EXERCISE REQUIREMENTS >>
Set down all of the entries word for word, omitting the images they contain.

PROVIDED DATA >>
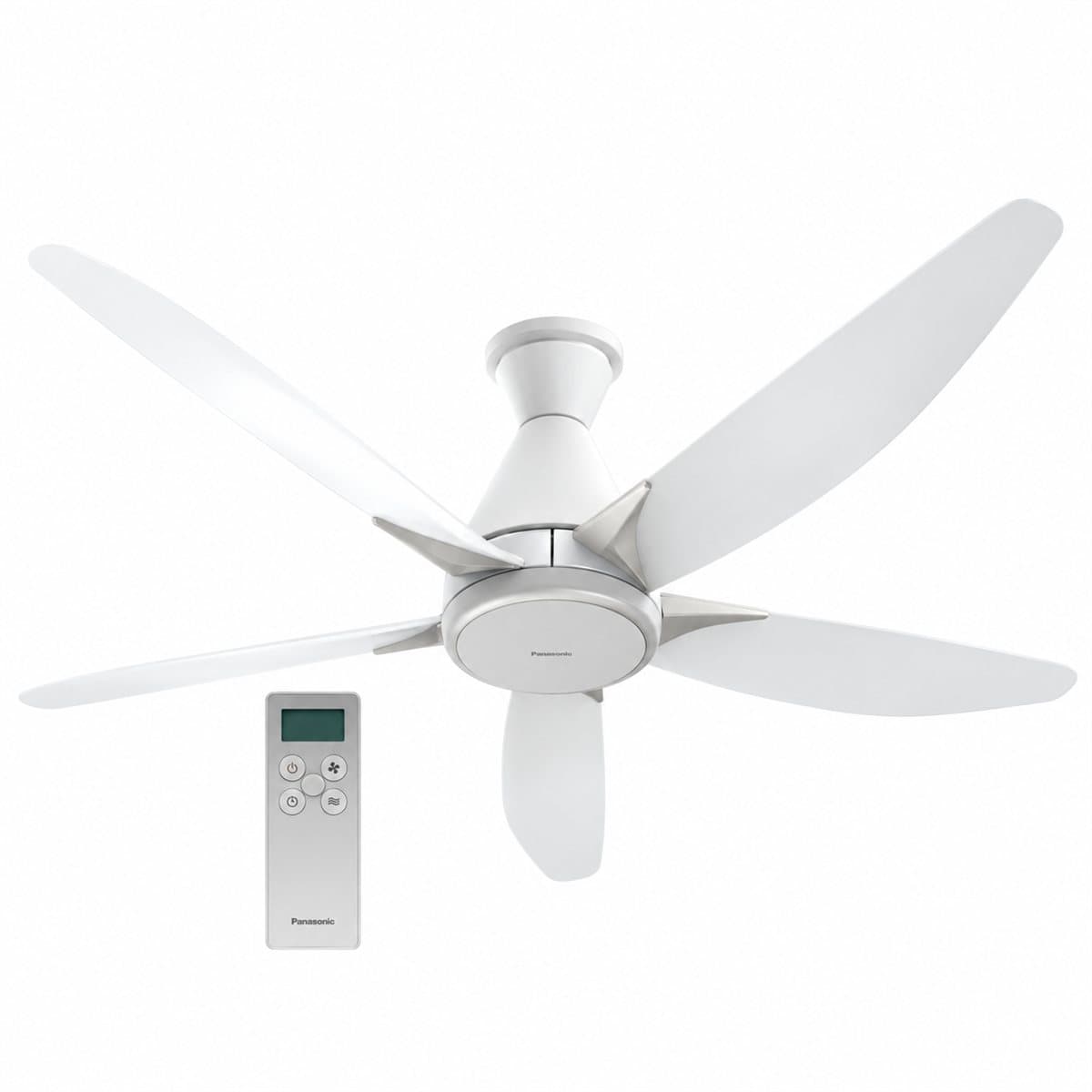 Quạt trần F-60GDS Panasonic trên nền trắng, ảnh sản phẩm chính diện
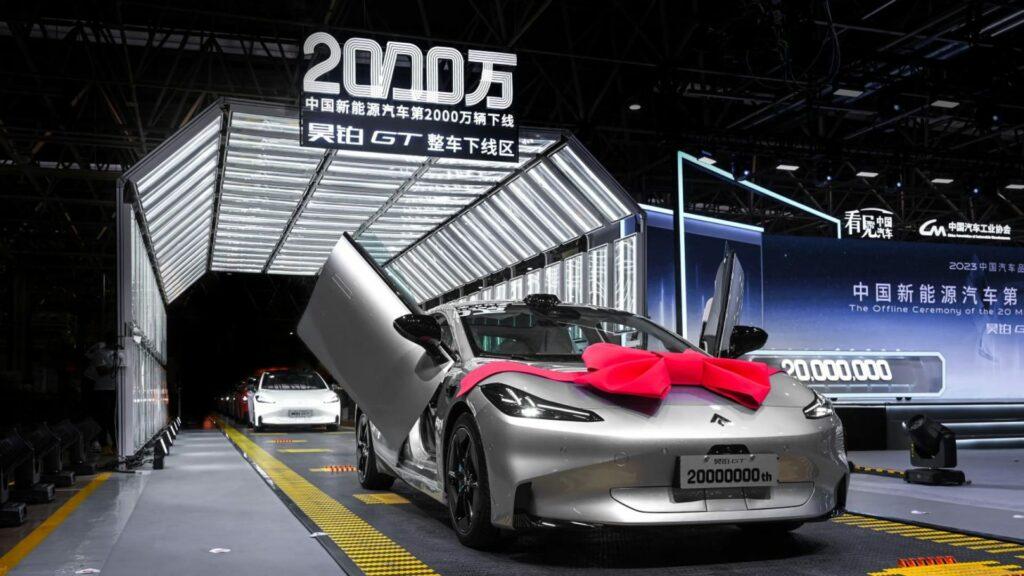 GAC Aion Hyper GT запущен в Китае с мощностью 340 л.с. и сменной батареей. От 30 370 долларов США.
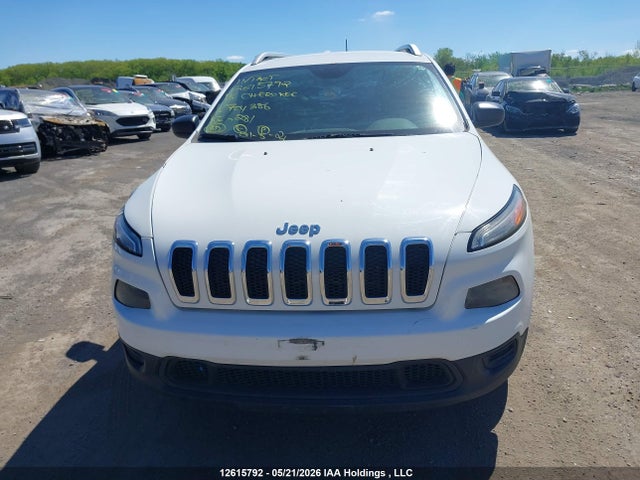 1C4PJMAS4FW704386 Jeep Cherokee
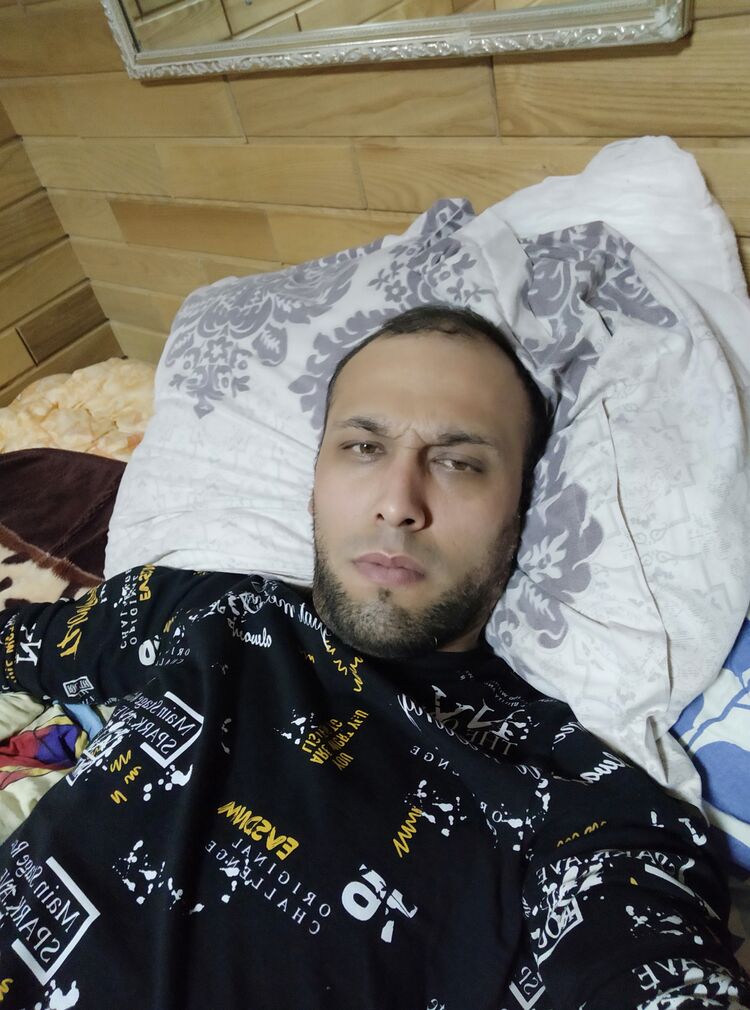  31252572  Artur, 35 ,    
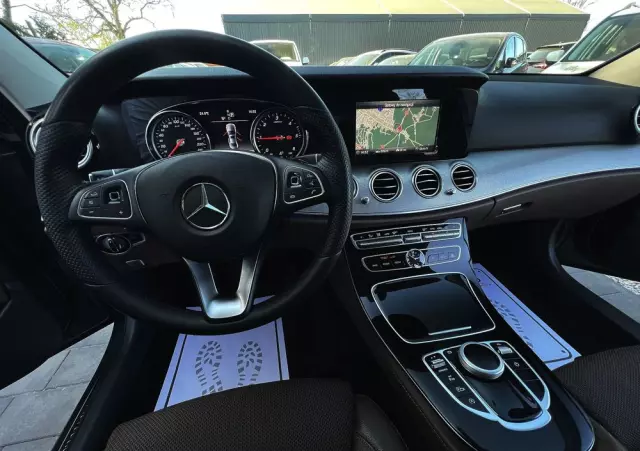 MERCEDES-BENZ Klasa E 220 d Business Edition 9G-TRONIC
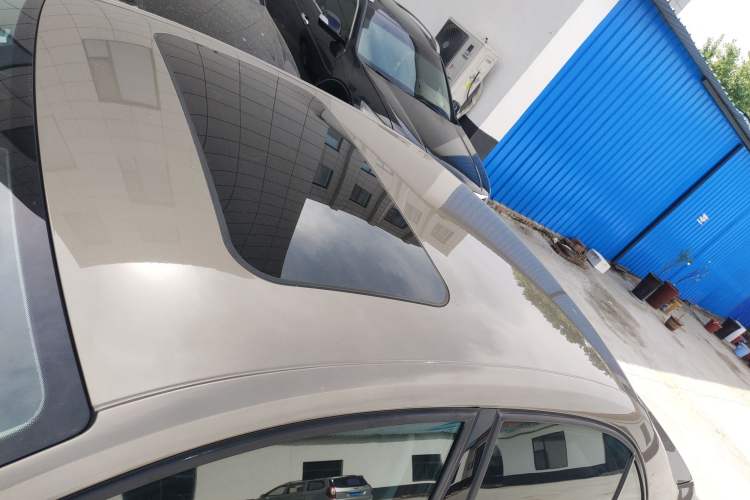 Used Volkswagen Sagitar 2014 Revised Version 1.6L Manual Comfort Edition Roof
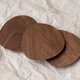 木の和菓子皿「chocoro S 」 ウォールナット無垢材　平皿の画像
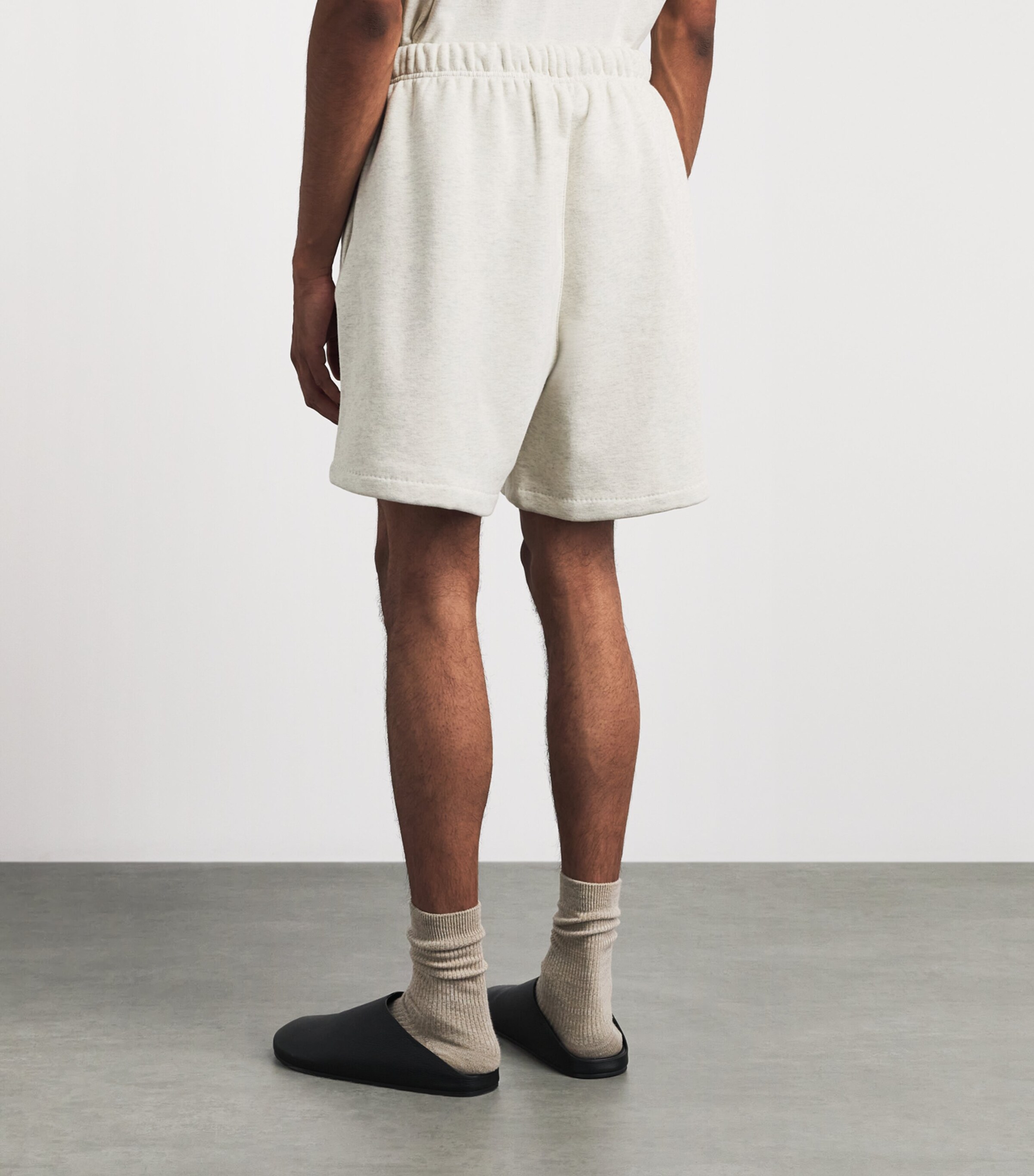FEAR OF GOD ESSENTIALS Mens Classic Script Logo Shorts Oatmeal Heather/lght Image 5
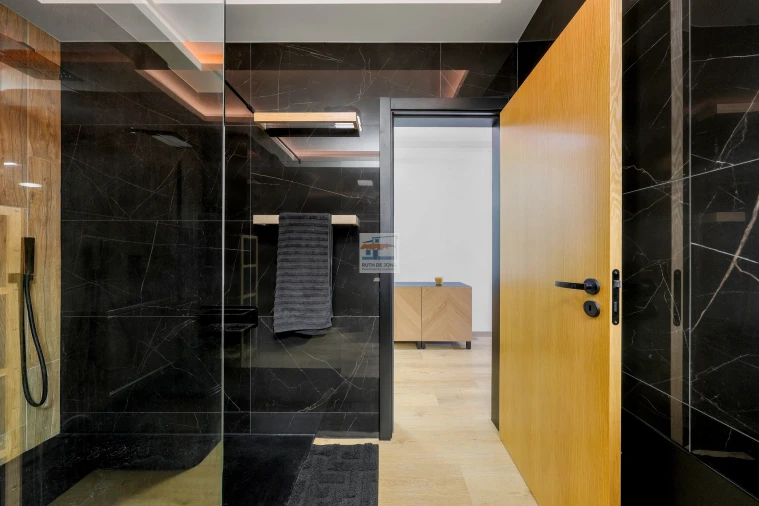 Apartamento T2 para Venda em Estômbar e Parchal Foto 21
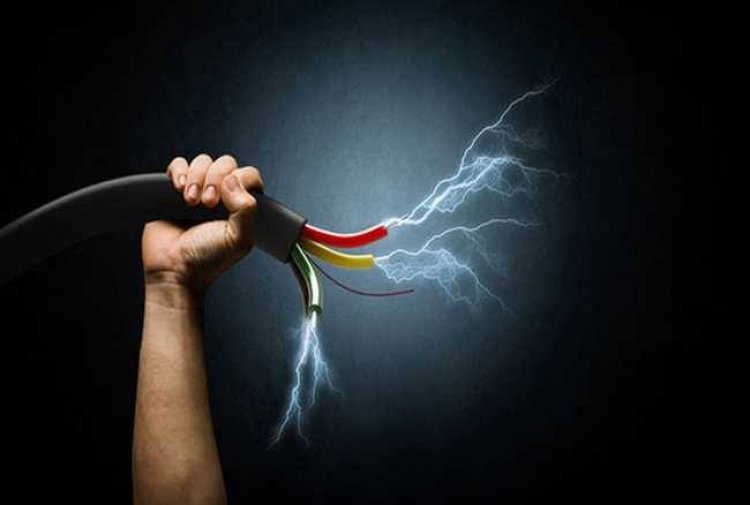 हाईटेंशन तार मरम्मत के दौरान अचानक दौड़ने लगी बिजली,  करंट की चपेट में आने से एक की मौत, 2 गंभीर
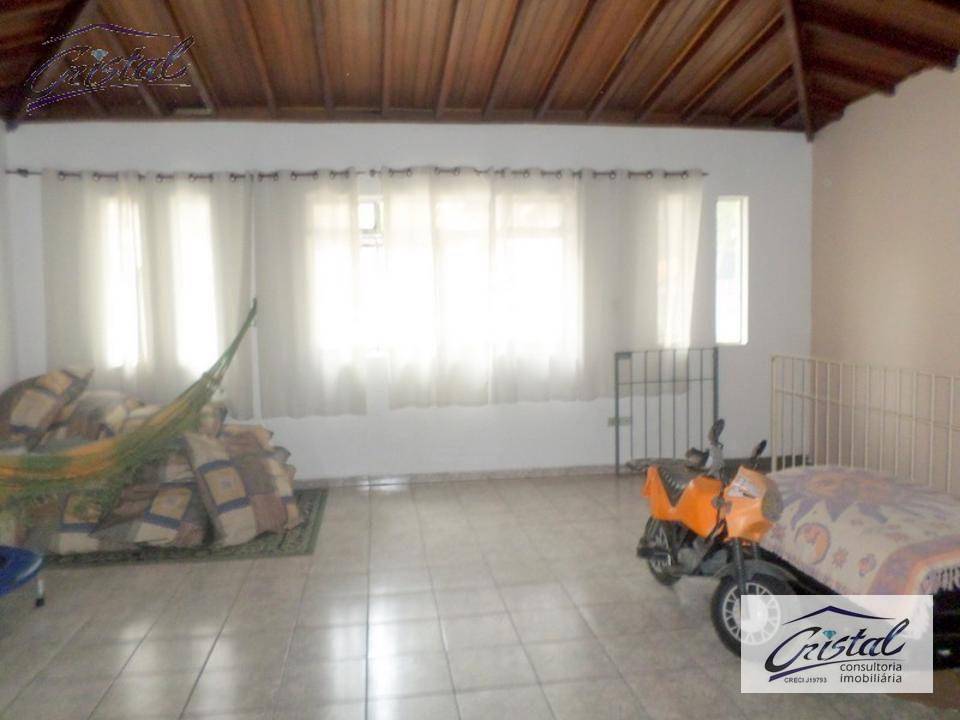 Casa à venda com 4 quartos, 150m² - Foto 1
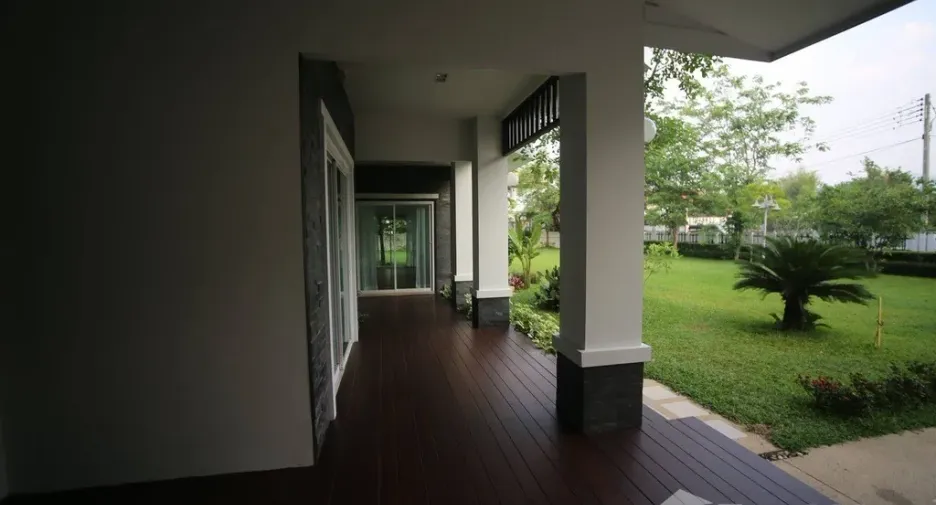 For sale 5 bedrooms house in Mueang Chiang Rai, Chiang Rai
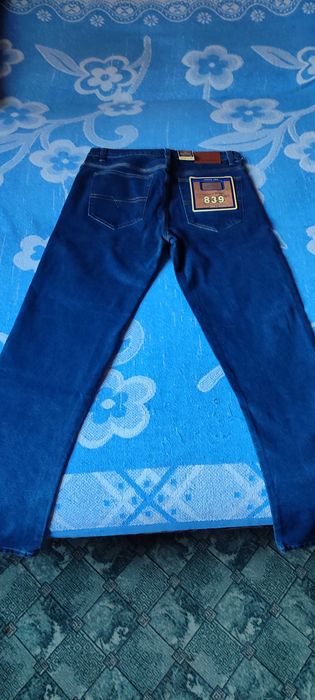 Продам чоловічі джинси, темно-сині, класичні.
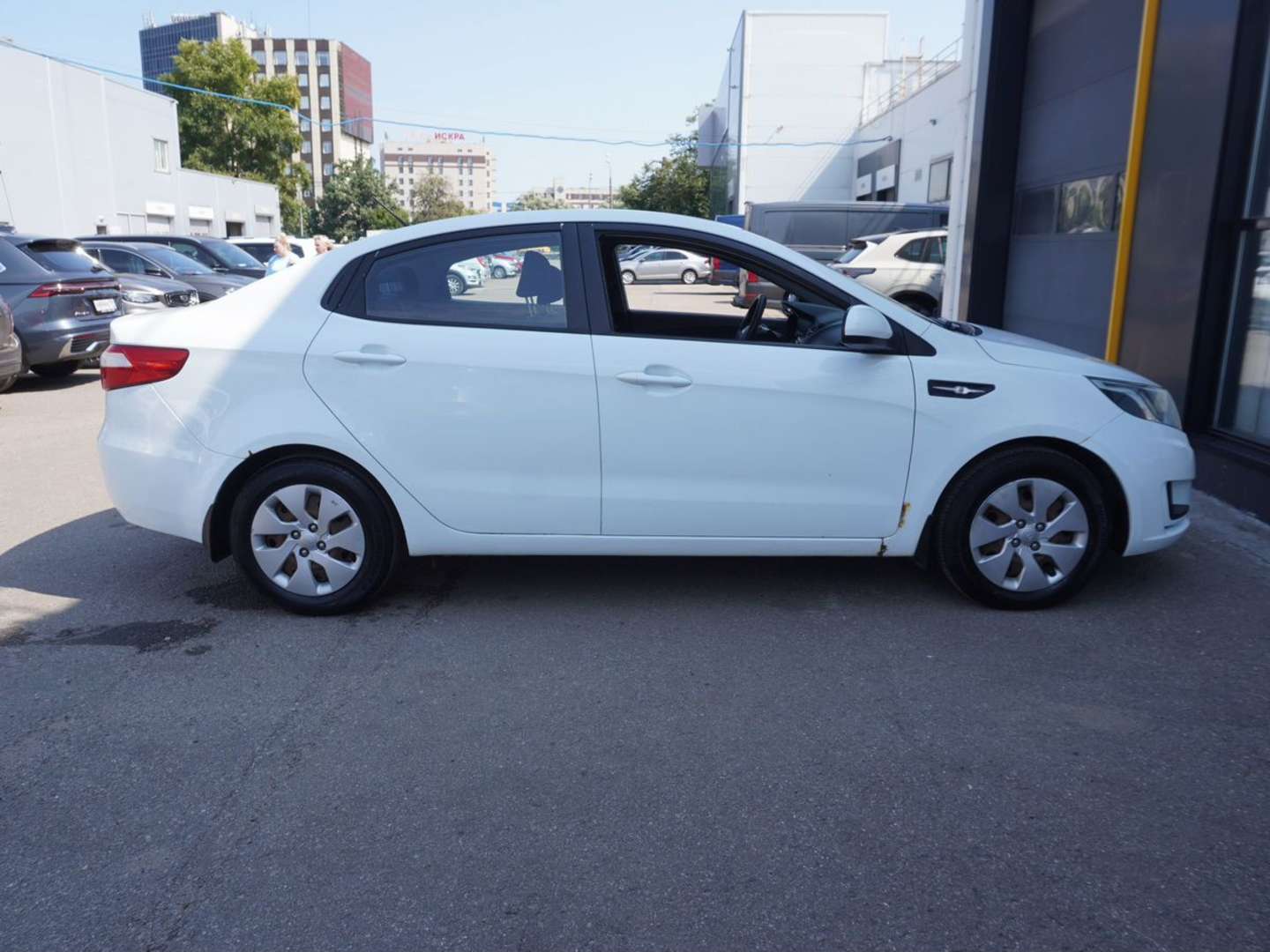 Kia Rio, 2013 — Снаружи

EXERCISE RESULT >>
 Quạt trần F-60GDS Panasonic trên nền trắng, ảnh sản phẩm chính diện
 GAC Aion Hyper GT запущен в Китае с мощностью 340 л.с. и сменной батареей. От 30 370 долларов США.
 1C4PJMAS4FW704386 Jeep Cherokee
  31252572  Artur, 35 ,    
 MERCEDES-BENZ Klasa E 220 d Business Edition 9G-TRONIC
 Used Volkswagen Sagitar 2014 Revised Version 1.6L Manual Comfort Edition Roof
 木の和菓子皿「chocoro S 」 ウォールナット無垢材　平皿の画像
FEAR OF GOD ESSENTIALS Mens Classic Script Logo Shorts Oatmeal Heather/lght Image 5
 Apartamento T2 para Venda em Estômbar e Parchal Foto 21
 हाईटेंशन तार मरम्मत के दौरान अचानक दौड़ने लगी बिजली,  करंट की चपेट में आने से एक की मौत, 2 गंभीर
 Casa à venda com 4 quartos, 150m² - Foto 1
 For sale 5 bedrooms house in Mueang Chiang Rai, Chiang Rai
 Продам чоловічі джинси, темно-сині, класичні.
 Kia Rio, 2013 — Снаружи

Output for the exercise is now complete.